An exact transcription of the entries is required, with no images included.
** Opening Supplied entries block **
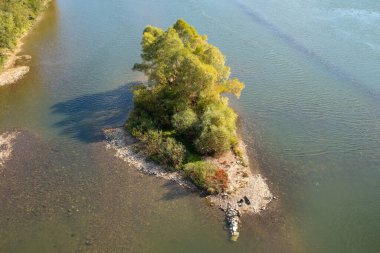 Nehir tropikal yeşil ormanın güzel doğal manzarası. Arka planda tepeler, hava manzaralı insansız hava aracı görüntüleri..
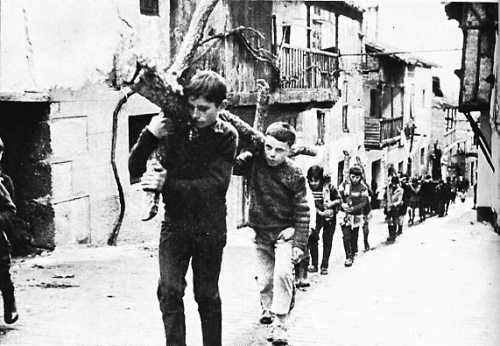 Processione di Bambini, in Spagna, al tempo in cui la Chiesa era pappa e ciccia con la dittatura fascista di Francisco Franco.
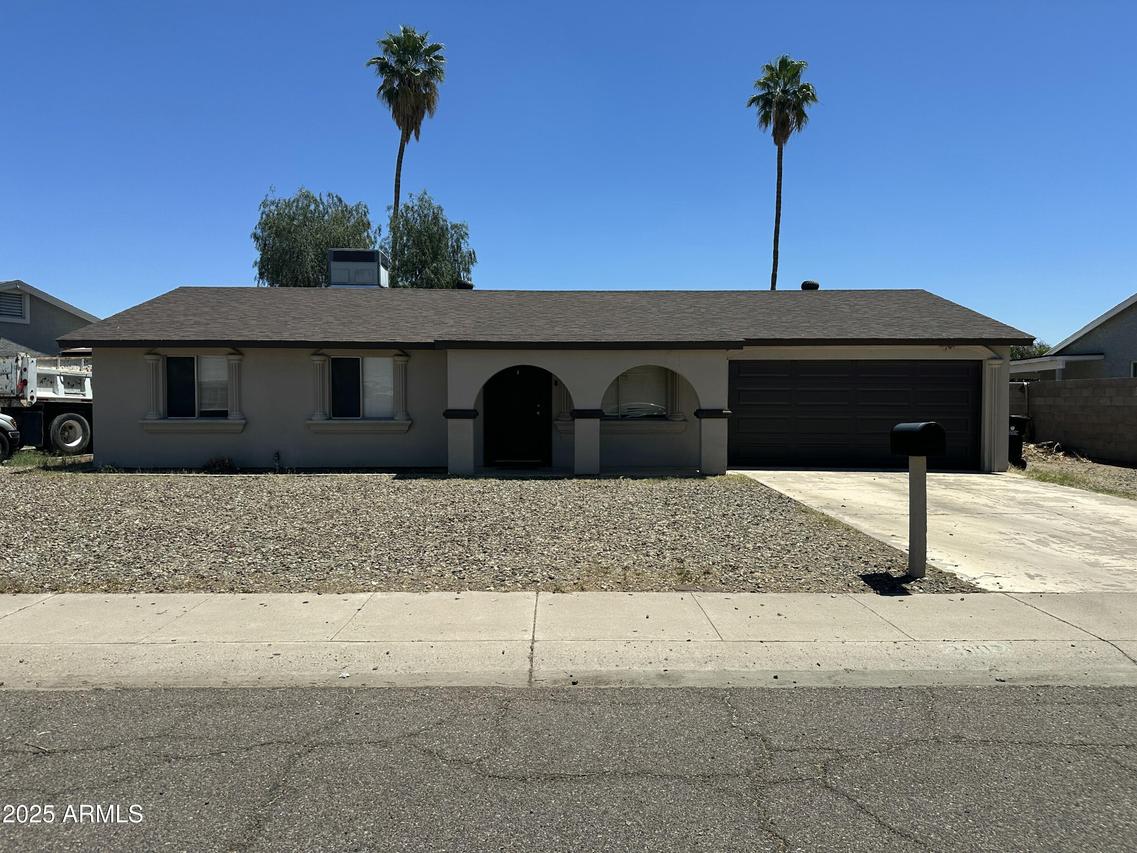 2007 N 55th Ln., Phoenix, AZ 85035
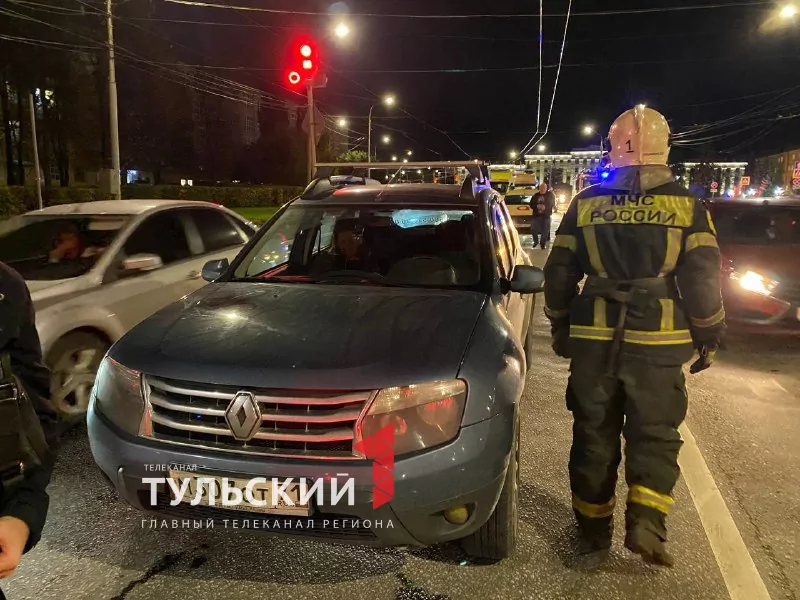 В Туле на проспекте Ленина в ДТП попал автомобиль такси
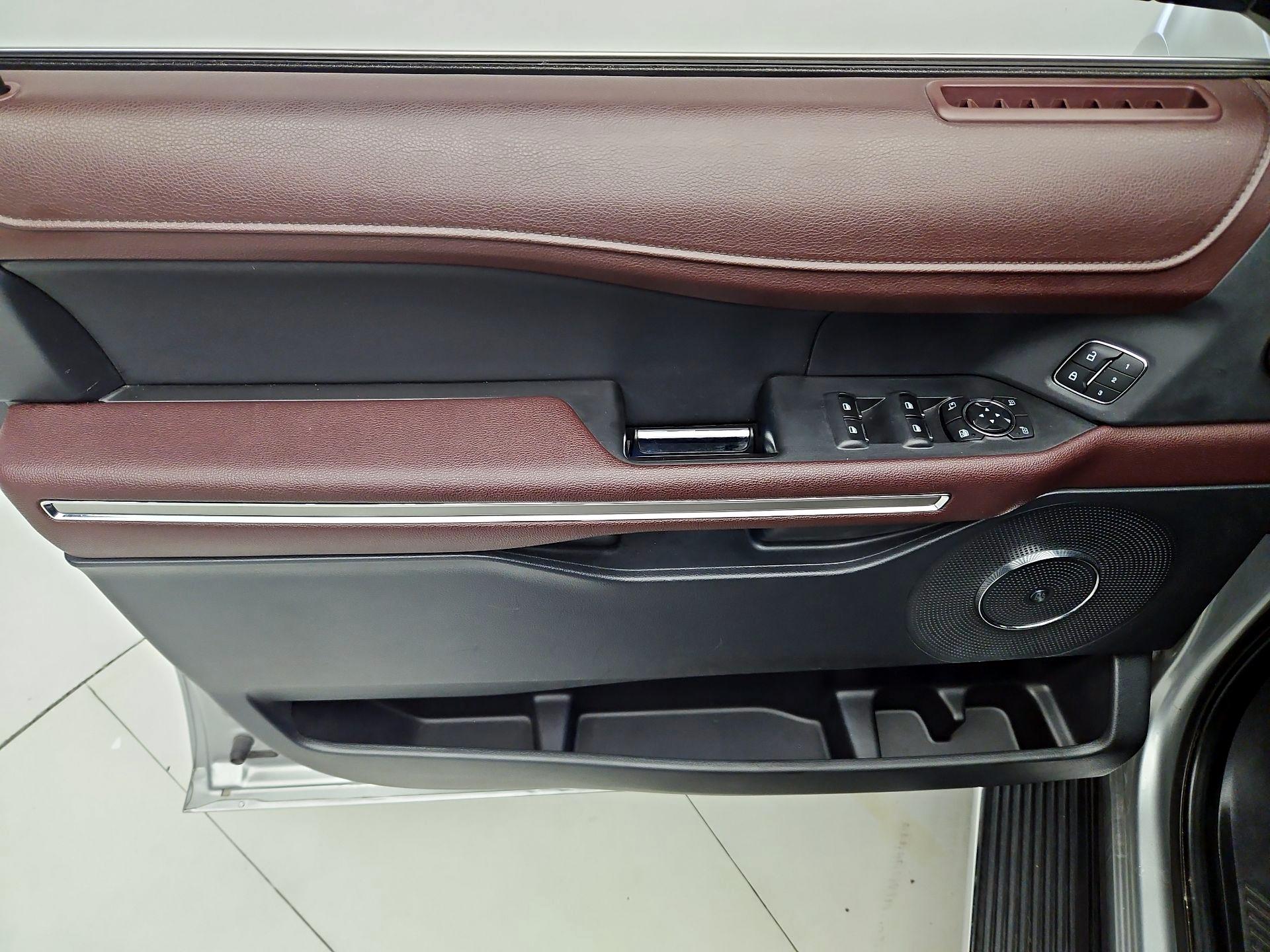 Thumbnail: 2022 Ford Expedition MAX - 12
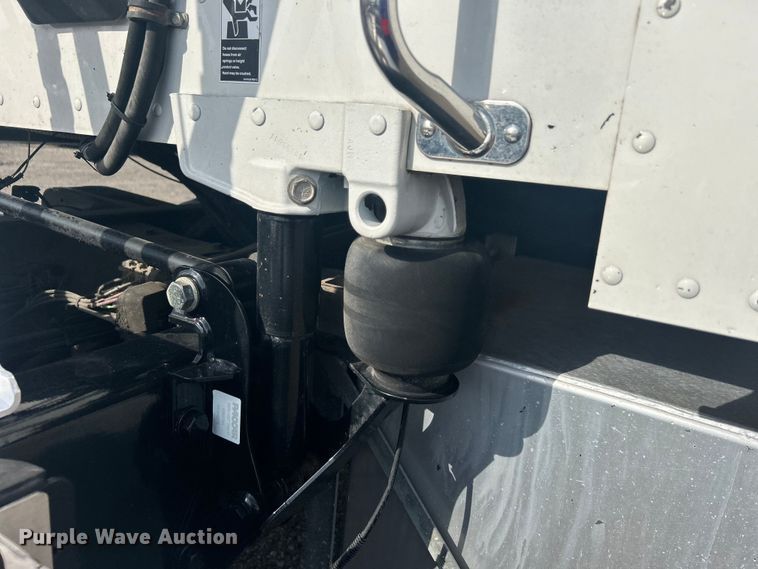 image for item EG1356 2019 Peterbilt  579 semi truck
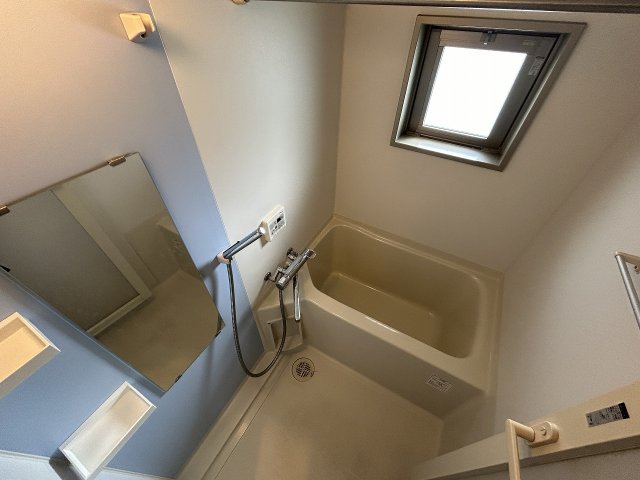 バス・シャワールーム　お風呂です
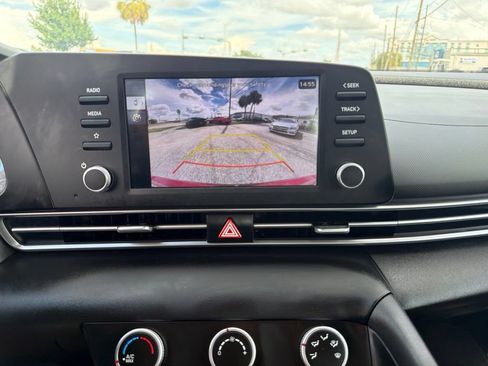 Used 2025 Hyundai Elantra SE FWD image 10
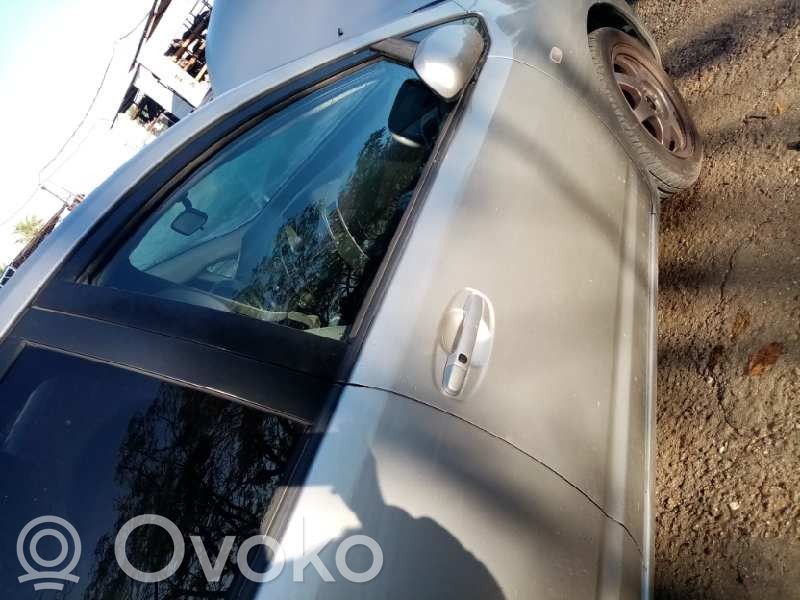 Toyota Prius (XW20) Portiera anteriore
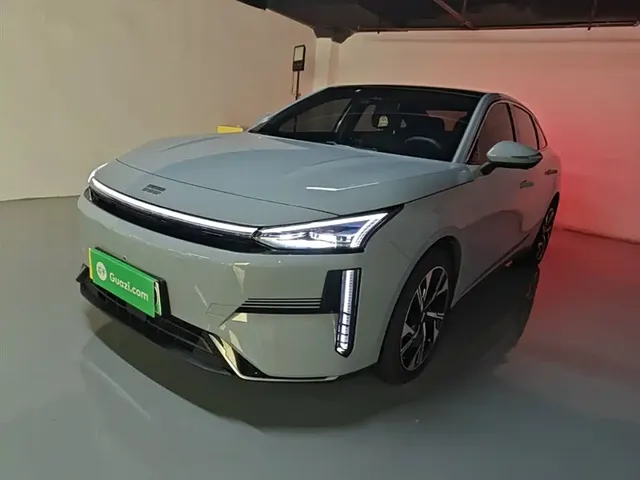 Geely Galaxy L6 2025 EM-i 140km Starship Edition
** Closing Supplied entries block **
Task response:
 Nehir tropikal yeşil ormanın güzel doğal manzarası. Arka planda tepeler, hava manzaralı insansız hava aracı görüntüleri..
 Processione di Bambini, in Spagna, al tempo in cui la Chiesa era pappa e ciccia con la dittatura fascista di Francisco Franco.
 2007 N 55th Ln., Phoenix, AZ 85035
 В Туле на проспекте Ленина в ДТП попал автомобиль такси
 Thumbnail: 2022 Ford Expedition MAX - 12
 image for item EG1356 2019 Peterbilt  579 semi truck
 バス・シャワールーム　お風呂です
 Used 2025 Hyundai Elantra SE FWD image 10
 Toyota Prius (XW20) Portiera anteriore
 Geely Galaxy L6 2025 EM-i 140km Starship Edition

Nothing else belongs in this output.